Ils doivent coordonner les dossiers entre plusieurs commissaires et ils recevront leurs lettres de mission. Ainsi, Stéphane Séjourné, qui représente la France, est vice-président exécutif, en charge de la prospérité et de la stratégie industrielle. Il devra certainement se coordonner avec Maroš Šefčovič (commerce et sécurité économique) et Valdis Dombrovskis (économie, productivité, mise en œuvre et simplification).
Comment les commissaires sont-ils désignés ?
Chaque État membre propose des candidats à la présidente de la commission. En théorie, il s’agit d’une personne avec une grande expertise dans son domaine, de l’expérience, un passif politique. En pratique, on voit que ce n’est pas aussi rationnel.
La politique politicienne au rendez-vous dans la désignation des commissaires
Stéphane Séjourné a été désigné pour un portefeuille dont personne ne comprend pourquoi c’est tombé sur lui. Apostolos Tzitzikostas (Grèce) a été désigné pour les transports et le tourisme alors qu’il a très mal géré la catastrophe ferroviaire de Tempé, qui a fait 57 morts.
Point commun entre les deux ? Proches de l’exécutif en place dans leur pays respectif, Séjourné du président de la République, Apostolos Tzitzikostas de Kyriákos Mitsotákis, le Premier ministre grec.
Formellement, rien n’oblige la présidente de la Commission à tenir compte des équilibres politiques du Parlement européen ou des États membres. Dans les faits et on le voit dans le trombinoscope, on constate que l’aile droite se taille la part du lion dans le Gouvernement européen. Or, c’est bien le PPE — Parti Populaire Européen — qui est le premier groupe dans l’hémicycle.
Comme les commissaires désignés doivent être « validés » par un vote formel des eurodéputés, il faut amadouer ces derniers. C’est pour cela qu’il y a une forte représentation, parmi les commissaires, du centre droit, du centre gauche et des libéraux : ce sont les forces majoritaires en présence au Parlement européen.
La règle n’est pas absolue. Un État membre peut choisir d’envoyer en premier lieu un technicien plutôt qu’un politique. C’est le choix de la Hongrie et la République tchèque. Néanmoins, Olivér Várhelyi est réputé proche de Viktor Orbán.
Les commissaires européens : un rôle majeur dans le quotidien des Français (et des Européens)

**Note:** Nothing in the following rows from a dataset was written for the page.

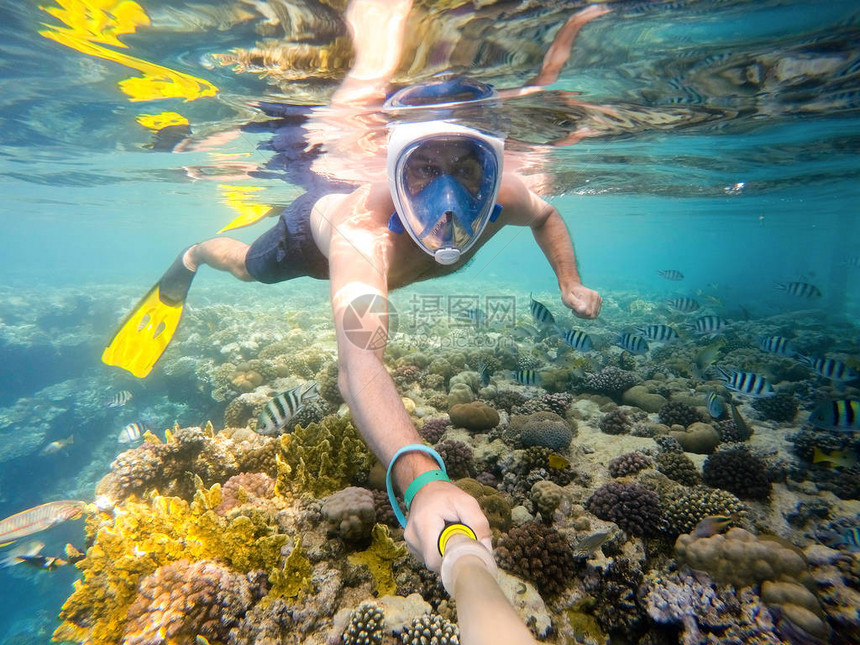 男人在水下异国情调的热带天堂浮潜图片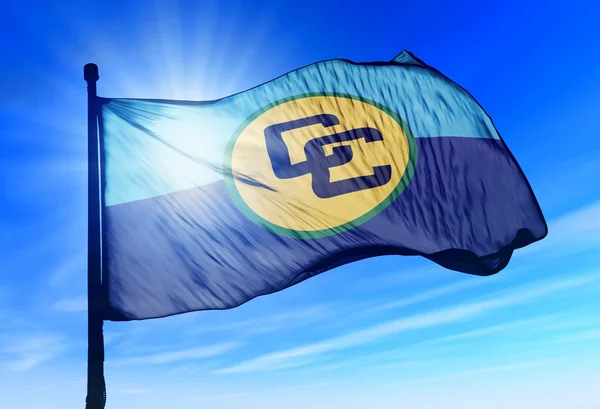 CARICOM σημαία κυματίζει με τον άνεμο — 图库照片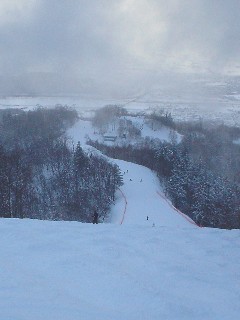 f0045846_8443412.jpg
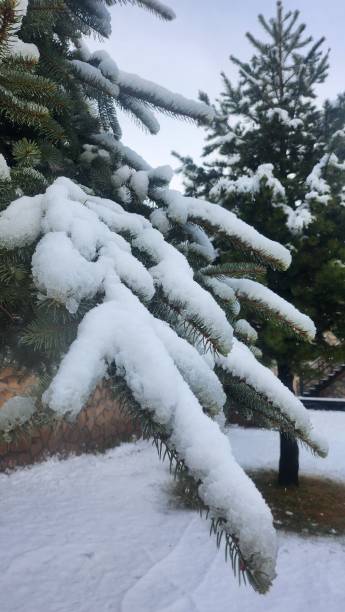 snowy foreground tree branches, pine tree with snow on its leaves, another pine tree behind covered with snow on snowy ground stock photo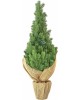 Елка ROYAL CHRISTMAS SPITSBERGEN PE/ PVC TABLE - 75CM 977075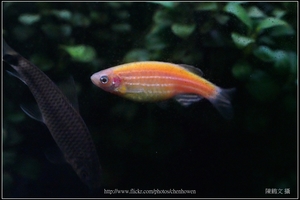 螢光斑馬魚_0354_Fluorescent Zebrafish.jpg
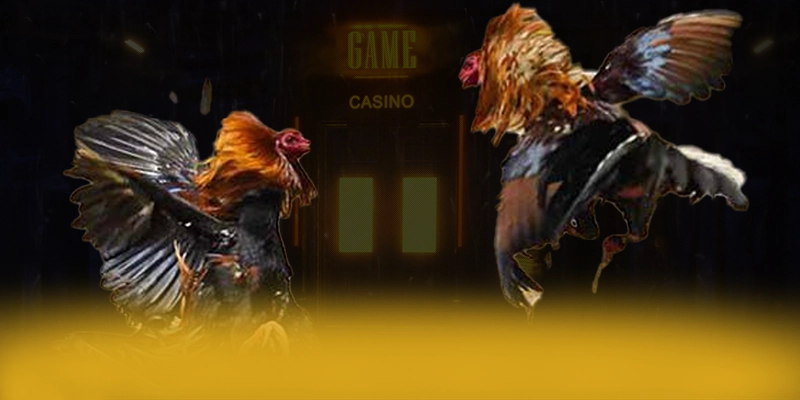 SA88 - Thương hiệu bảo mật cao 2025 – Cập nhật thông tin về SA88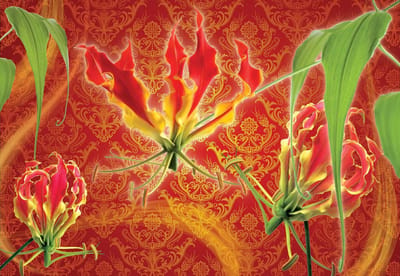 Fotobehang Flowers Floral | XL - 208cm x 146cm | 130g/m2 Vlies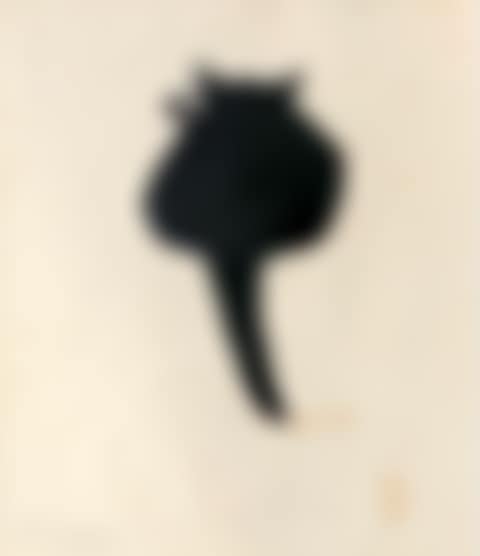 Cat (preview)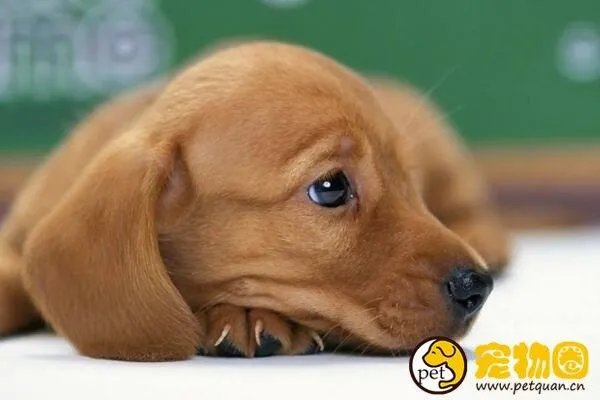 狗吃人事件是真是假，与主人关系越好越容易吃主人尸体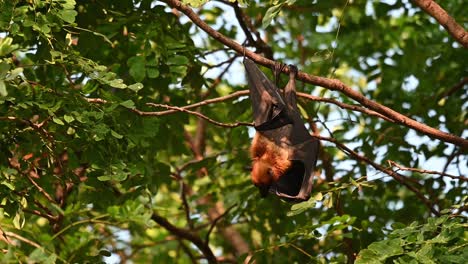 Lyle&#39;s-Flying-Fox,-Pteropus-Lylei,-Saraburi,-Thailand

En France, à chaque problème, on dégaine le député de circonscription, le porte-parole de chaque parti et le ministre en charge du dossier. On l’a vu avec le cas de l’usine Michelin. Mais, on pense plus rarement aux commissaires.
Pourtant, ce sont eux qui vont prendre des décisions. En effet, les décisions de l’Union européenne nous concernent au premier plan. Chacune doit être retranscrite ou transposée en droit interne et être appliquée. D’ailleurs, les députés européens ne se privent pas de poser des questions écrites sur des dossiers très locaux.
De la même manière et cela s’est vu lors du projet de loi de finances pour 2025, les parlementaires français ne peuvent pas faire preuve de (trop) fantaisies sur le budget. La France a des engagements à respecter.
La feuille de route de chacun des commissaires aura un impact sur tous les Français.